JAKARTA, KOMPAS.com - Komisi Pemberantasan Korupsi meyakini bahwa dugaan tindak pidana korupsi yang dilakukan mantan Direktur Utama PT Pelindo II Richard Joost Lino menyebabkan kerugian negara.
Berdasarkan dokumen jawaban atas gugatan praperadilan yang diajukan Lino, KPK mengacu pada rumusan Pasal 2 ayat 1 dan Pasal 3 Undang-undang tentang Tindak Pidana Korupsi.
Isinya menjelaskan bahwa adanya tindak pidana korupsi cukup dengan dipenuhinya unsur-unsur perbuatan yang sudah dirumuskan, bukan dengan timbulnya akibat.
"Dengan demikian, maka timbulnya akibat kerugian keuangan negara tidak perlu nyata terjadi, namun cukup didukung oleh bukti-bukti yang mengarah pada adanya potensi kerugian Negara yang dapat dihitung," demikian kutipan jawaban KPK dalam sidang praperadilan di Pengadilan Negeri Jakarta Selatan, Selasa (19/1/2016).
KPK pun mengutip pendapat sejumlah ahli. Salah satunya pendapat ahli hukum pidana, Romli Atmasasmita.
Romli menyatakan bahwa majelis hakim seharusnya mengartikan unsur ‘dapat merugikan keuangan negara' dalam konteks delik formil.
"Oleh karena itu, kerugian negara secara nyata tidak diperlukan selama didukung oleh bukti-bukti yang mengarah adanya potensi kerugian negara," ucap Romli, sebagaimana dikutip dalam dokumen jawaban KPK.
Dengan demikian, KPK menyimpulkan bahwa timbulnya akibat tindak pidana korupsi berupa kerugian keuangan negara tidak harus nyata-nyata telah terjadi.

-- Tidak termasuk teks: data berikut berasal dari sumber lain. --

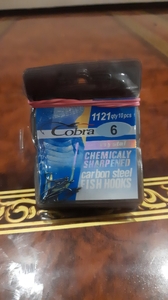 Крючки COBRA CRYSTAL 1121, 10 шт  в пачке №6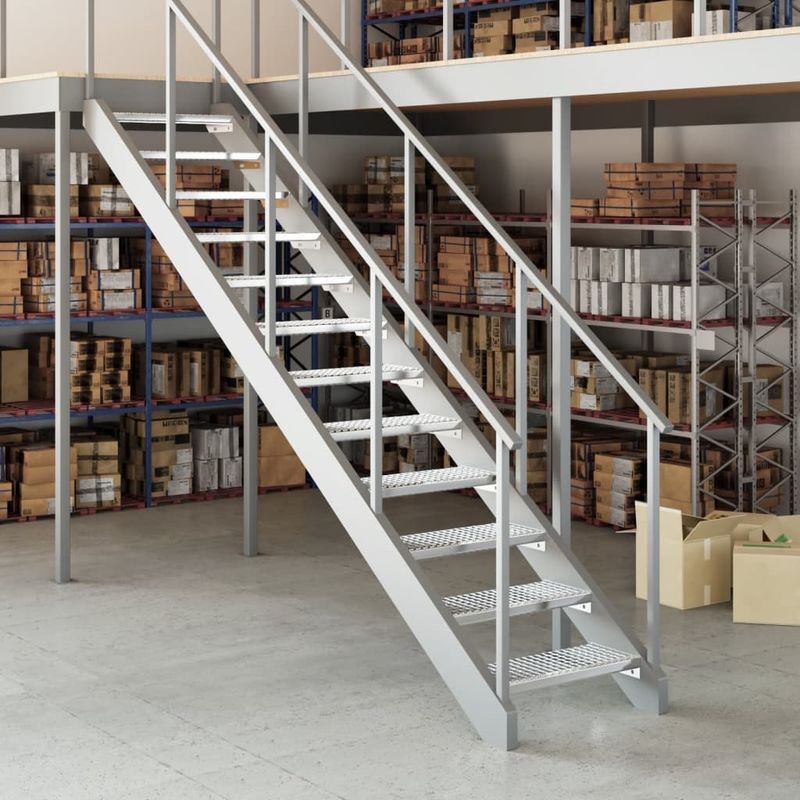 Casa si Gradina - Textile si covoare - Covoare - Covoare casa - Treapta tip gratar, 60x24x7 cm, otel galvanizat, model sudat prin forjare - Infinity.ro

Namun, ini cukup dibuktikan dengan adanya potensi terjadinya kerugian keuangan negara yang dalam perkara a quo telah terpenuhi pada saat penyelidikan.
Meski begitu, dalam jawaban atas gugatan Lino, KPK tidak menyebutkan jumlah kerugian negara yang ditimbulkan.
Untuk menghitung kerugian negara, KPK tidak hanya berkoordinasi dengan Badan Pemeriksa Keuangan dan Badan Pengawasan Keuangan dan Pembangunan.
KPK juga bisa berkoordinasi dengan instansi lain dan bisa membuktikan sendiri dengan mengundang ahli.
Dalam proses penyelidikan, KPK menemukan potensi kerugian keuangan negara berdasarkan perhitungan ahli teknik dari Institut Teknologi Bandung (ITB).
Ahli tersebut menyatakan bahwa analisis estimasi biaya dengan memperhitungkan peningkatan kapasitas QCC dari 40 ton menjadi 61 ton.
Kemudian, eskalasi biaya akibat dari perbedaan waktu kontrak dari produsen yang sama menunjukkan perbedaan sekurang-kurangnya 3.625.922 dollar AS.